From the data underneath, reproduce exactly the stretch that begins at the line with "Photo plaque de soubassement et clôture" and ends after the line with "Cậu con trai".

--- Dataset records Enclosed Below ---

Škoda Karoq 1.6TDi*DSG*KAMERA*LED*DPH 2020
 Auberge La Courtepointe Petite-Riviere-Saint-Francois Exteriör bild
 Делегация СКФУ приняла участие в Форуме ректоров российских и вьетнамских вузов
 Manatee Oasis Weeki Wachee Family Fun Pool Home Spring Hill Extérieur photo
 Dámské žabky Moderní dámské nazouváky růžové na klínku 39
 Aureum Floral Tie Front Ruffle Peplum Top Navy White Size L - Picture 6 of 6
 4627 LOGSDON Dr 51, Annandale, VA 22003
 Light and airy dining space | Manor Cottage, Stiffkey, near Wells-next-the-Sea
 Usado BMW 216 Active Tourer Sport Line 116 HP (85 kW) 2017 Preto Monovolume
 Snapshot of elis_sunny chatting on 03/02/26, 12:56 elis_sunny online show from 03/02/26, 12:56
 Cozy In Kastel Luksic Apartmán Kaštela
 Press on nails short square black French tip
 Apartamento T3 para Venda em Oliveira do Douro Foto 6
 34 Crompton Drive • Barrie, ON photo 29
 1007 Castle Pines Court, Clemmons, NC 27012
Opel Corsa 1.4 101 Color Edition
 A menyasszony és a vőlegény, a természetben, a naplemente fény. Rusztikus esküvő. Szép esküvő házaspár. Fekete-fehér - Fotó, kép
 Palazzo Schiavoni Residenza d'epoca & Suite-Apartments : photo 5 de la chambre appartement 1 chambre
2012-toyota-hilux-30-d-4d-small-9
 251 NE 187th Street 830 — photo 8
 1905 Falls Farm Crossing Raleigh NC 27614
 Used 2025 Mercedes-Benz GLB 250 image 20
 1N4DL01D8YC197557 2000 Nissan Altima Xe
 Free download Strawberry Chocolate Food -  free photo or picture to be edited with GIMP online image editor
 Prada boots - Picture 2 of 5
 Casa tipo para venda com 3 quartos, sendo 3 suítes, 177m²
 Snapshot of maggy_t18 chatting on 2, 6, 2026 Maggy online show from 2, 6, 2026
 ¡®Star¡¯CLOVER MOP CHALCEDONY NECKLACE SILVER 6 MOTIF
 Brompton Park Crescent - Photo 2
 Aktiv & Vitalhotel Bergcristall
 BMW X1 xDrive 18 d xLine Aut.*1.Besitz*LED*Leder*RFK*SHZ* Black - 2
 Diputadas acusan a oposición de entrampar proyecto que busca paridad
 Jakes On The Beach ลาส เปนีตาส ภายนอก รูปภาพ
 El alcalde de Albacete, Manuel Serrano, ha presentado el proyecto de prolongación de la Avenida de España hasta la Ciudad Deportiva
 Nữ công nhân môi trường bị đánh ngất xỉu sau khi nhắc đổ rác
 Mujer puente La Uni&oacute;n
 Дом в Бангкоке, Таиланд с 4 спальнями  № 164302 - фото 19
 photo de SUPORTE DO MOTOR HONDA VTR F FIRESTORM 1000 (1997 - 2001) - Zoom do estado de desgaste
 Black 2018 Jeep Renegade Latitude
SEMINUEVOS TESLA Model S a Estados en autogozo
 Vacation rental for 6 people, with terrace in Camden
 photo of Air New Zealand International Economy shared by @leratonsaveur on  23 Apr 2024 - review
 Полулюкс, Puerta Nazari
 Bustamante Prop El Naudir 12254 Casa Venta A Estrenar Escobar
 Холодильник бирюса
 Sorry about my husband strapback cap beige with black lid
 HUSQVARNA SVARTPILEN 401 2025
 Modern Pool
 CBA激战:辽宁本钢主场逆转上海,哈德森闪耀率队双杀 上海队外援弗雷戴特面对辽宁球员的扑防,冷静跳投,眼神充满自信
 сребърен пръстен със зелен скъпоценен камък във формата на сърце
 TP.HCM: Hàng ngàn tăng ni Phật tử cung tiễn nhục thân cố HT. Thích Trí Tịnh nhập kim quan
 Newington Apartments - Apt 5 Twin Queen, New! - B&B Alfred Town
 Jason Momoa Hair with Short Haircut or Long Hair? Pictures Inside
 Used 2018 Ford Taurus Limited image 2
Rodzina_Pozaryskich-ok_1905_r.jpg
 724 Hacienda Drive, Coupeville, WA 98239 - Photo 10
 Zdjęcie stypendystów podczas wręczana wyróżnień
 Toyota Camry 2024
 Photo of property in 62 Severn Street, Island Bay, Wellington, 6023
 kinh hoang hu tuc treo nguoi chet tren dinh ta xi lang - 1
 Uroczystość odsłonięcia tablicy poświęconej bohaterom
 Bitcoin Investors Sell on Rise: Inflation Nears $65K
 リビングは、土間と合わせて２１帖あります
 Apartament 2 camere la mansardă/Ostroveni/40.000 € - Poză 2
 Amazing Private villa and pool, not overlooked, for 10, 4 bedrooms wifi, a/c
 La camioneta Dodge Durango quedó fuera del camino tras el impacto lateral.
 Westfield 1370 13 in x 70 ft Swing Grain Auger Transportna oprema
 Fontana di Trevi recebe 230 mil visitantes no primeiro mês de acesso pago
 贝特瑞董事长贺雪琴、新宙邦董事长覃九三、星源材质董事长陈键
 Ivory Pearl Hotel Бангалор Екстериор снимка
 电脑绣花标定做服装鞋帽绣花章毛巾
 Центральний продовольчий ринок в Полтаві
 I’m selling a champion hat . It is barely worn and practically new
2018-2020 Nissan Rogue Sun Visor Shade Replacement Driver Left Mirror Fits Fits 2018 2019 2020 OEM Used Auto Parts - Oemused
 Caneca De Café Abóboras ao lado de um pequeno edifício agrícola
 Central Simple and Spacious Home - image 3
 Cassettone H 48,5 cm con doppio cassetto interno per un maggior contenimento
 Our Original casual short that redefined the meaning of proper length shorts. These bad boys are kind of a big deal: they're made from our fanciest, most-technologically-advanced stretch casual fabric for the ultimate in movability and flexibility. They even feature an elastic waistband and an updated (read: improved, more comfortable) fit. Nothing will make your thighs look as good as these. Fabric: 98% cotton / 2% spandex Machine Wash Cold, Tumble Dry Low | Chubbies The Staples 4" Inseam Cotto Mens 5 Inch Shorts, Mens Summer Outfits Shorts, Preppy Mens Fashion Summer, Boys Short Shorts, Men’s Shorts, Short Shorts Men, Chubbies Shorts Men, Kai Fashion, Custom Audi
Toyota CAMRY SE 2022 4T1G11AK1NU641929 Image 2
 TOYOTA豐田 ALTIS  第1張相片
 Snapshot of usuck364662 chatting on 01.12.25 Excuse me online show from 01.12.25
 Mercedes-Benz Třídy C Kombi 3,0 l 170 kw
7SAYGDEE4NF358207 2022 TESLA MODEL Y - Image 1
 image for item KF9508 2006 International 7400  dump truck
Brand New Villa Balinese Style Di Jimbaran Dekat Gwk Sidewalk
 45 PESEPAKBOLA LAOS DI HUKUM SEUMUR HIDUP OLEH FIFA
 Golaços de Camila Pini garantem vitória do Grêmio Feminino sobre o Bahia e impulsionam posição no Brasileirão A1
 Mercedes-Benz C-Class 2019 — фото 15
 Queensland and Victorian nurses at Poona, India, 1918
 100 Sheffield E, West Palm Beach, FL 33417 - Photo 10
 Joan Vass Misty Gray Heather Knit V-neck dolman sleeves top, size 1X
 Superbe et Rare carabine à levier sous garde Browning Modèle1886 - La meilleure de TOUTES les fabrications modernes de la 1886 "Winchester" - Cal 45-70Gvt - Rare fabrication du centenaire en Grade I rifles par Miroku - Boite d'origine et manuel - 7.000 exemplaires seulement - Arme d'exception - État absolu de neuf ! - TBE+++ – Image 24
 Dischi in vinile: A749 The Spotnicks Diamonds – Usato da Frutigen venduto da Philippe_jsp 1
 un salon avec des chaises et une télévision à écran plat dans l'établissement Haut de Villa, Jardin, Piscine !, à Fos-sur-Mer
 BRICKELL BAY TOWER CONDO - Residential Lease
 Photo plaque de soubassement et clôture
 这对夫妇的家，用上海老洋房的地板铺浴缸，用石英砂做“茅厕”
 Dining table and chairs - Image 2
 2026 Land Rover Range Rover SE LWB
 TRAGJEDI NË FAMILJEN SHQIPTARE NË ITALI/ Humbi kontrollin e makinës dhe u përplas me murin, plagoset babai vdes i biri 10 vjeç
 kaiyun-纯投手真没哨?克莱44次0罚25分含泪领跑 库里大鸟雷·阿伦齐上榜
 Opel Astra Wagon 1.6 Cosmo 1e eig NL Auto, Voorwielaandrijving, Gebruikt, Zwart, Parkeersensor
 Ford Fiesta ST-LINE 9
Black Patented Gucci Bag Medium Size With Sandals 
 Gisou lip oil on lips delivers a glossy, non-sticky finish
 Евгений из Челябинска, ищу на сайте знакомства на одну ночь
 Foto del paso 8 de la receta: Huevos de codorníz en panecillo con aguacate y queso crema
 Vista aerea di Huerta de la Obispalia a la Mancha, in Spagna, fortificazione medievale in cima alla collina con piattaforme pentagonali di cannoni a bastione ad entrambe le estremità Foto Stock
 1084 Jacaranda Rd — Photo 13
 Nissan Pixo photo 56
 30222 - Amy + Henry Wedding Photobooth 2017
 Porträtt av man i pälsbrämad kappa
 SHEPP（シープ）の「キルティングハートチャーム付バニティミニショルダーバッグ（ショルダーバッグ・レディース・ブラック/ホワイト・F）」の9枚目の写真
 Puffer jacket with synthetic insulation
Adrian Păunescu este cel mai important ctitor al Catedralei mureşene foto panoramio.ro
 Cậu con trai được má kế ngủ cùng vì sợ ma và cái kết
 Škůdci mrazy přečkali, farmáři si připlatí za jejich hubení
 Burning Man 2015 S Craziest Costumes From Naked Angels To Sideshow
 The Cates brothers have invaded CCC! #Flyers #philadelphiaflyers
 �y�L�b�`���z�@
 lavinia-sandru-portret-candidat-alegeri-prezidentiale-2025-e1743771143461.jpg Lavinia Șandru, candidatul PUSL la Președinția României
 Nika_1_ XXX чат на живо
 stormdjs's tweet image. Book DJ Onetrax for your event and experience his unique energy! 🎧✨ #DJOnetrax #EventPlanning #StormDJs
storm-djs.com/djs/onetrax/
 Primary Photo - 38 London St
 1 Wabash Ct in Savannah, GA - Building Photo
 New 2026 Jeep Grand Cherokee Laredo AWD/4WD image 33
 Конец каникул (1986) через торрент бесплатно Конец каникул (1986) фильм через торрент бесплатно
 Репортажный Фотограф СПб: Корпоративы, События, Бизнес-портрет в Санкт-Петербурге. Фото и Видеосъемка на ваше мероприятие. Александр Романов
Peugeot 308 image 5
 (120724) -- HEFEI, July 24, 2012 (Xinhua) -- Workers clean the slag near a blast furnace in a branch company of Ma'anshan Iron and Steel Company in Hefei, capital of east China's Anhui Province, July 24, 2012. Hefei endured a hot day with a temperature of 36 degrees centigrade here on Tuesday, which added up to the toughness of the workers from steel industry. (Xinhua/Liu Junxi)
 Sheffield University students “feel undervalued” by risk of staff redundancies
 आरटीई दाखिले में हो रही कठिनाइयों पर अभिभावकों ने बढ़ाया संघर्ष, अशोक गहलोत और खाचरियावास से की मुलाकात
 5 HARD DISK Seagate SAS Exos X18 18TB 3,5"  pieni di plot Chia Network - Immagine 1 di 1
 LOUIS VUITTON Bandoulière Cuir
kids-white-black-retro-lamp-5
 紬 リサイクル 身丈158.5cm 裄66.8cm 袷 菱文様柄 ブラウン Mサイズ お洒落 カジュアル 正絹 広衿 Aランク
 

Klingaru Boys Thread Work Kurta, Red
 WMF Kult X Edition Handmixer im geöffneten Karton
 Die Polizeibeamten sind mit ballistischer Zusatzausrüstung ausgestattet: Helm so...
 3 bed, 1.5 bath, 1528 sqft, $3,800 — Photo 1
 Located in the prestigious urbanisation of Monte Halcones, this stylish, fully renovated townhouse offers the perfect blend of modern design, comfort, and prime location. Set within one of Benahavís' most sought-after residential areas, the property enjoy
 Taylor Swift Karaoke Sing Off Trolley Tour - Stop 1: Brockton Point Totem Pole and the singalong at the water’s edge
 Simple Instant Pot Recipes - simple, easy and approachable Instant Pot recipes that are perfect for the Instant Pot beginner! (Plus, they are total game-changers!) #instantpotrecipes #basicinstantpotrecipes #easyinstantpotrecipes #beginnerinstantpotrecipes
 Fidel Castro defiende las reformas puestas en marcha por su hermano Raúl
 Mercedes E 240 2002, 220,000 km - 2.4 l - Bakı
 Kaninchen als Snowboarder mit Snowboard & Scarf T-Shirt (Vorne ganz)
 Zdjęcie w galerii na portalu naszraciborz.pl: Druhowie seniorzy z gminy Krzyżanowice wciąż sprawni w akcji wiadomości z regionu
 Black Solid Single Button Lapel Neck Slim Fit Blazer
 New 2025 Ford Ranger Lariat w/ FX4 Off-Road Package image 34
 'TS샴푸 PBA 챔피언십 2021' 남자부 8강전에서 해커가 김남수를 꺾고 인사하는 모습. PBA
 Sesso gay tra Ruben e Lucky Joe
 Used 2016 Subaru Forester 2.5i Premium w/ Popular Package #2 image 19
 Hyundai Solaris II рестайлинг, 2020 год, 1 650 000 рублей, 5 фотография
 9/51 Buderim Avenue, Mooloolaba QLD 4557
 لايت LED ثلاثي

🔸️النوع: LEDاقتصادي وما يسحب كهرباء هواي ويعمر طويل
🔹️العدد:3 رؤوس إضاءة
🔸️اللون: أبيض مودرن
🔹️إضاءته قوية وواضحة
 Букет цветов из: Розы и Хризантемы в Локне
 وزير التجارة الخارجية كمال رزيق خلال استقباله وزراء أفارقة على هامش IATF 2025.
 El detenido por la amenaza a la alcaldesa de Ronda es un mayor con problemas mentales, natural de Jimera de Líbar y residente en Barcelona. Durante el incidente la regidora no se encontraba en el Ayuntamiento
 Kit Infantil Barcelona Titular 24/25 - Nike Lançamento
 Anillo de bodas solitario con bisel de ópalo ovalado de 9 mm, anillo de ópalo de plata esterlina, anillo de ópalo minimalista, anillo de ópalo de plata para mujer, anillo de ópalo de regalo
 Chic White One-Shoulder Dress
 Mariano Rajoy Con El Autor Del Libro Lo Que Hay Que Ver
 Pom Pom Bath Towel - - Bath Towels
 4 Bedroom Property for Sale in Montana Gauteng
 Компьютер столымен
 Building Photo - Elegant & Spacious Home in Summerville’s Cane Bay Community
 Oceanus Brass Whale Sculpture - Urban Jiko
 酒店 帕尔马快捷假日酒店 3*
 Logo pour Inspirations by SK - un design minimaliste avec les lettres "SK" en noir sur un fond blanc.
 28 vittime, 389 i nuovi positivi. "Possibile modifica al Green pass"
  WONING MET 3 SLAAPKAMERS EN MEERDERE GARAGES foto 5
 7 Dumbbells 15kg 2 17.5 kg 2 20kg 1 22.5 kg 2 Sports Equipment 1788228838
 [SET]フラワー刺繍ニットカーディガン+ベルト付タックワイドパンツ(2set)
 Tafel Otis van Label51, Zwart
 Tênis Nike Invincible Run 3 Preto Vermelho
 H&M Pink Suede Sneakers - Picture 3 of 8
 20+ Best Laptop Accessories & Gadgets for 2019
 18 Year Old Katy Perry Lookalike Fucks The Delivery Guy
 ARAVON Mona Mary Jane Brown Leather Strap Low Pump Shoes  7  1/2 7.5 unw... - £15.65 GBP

--- End of Enclosed Dataset records ---

Solution:
 Photo plaque de soubassement et clôture
 这对夫妇的家，用上海老洋房的地板铺浴缸，用石英砂做“茅厕”
 Dining table and chairs - Image 2
 2026 Land Rover Range Rover SE LWB
 TRAGJEDI NË FAMILJEN SHQIPTARE NË ITALI/ Humbi kontrollin e makinës dhe u përplas me murin, plagoset babai vdes i biri 10 vjeç
 kaiyun-纯投手真没哨?克莱44次0罚25分含泪领跑 库里大鸟雷·阿伦齐上榜
 Opel Astra Wagon 1.6 Cosmo 1e eig NL Auto, Voorwielaandrijving, Gebruikt, Zwart, Parkeersensor
 Ford Fiesta ST-LINE 9
Black Patented Gucci Bag Medium Size With Sandals 
 Gisou lip oil on lips delivers a glossy, non-sticky finish
 Евгений из Челябинска, ищу на сайте знакомства на одну ночь
 Foto del paso 8 de la receta: Huevos de codorníz en panecillo con aguacate y queso crema
 Vista aerea di Huerta de la Obispalia a la Mancha, in Spagna, fortificazione medievale in cima alla collina con piattaforme pentagonali di cannoni a bastione ad entrambe le estremità Foto Stock
 1084 Jacaranda Rd — Photo 13
 Nissan Pixo photo 56
 30222 - Amy + Henry Wedding Photobooth 2017
 Porträtt av man i pälsbrämad kappa
 SHEPP（シープ）の「キルティングハートチャーム付バニティミニショルダーバッグ（ショルダーバッグ・レディース・ブラック/ホワイト・F）」の9枚目の写真
 Puffer jacket with synthetic insulation
Adrian Păunescu este cel mai important ctitor al Catedralei mureşene foto panoramio.ro
 Cậu con trai được má kế ngủ cùng vì sợ ma và cái kết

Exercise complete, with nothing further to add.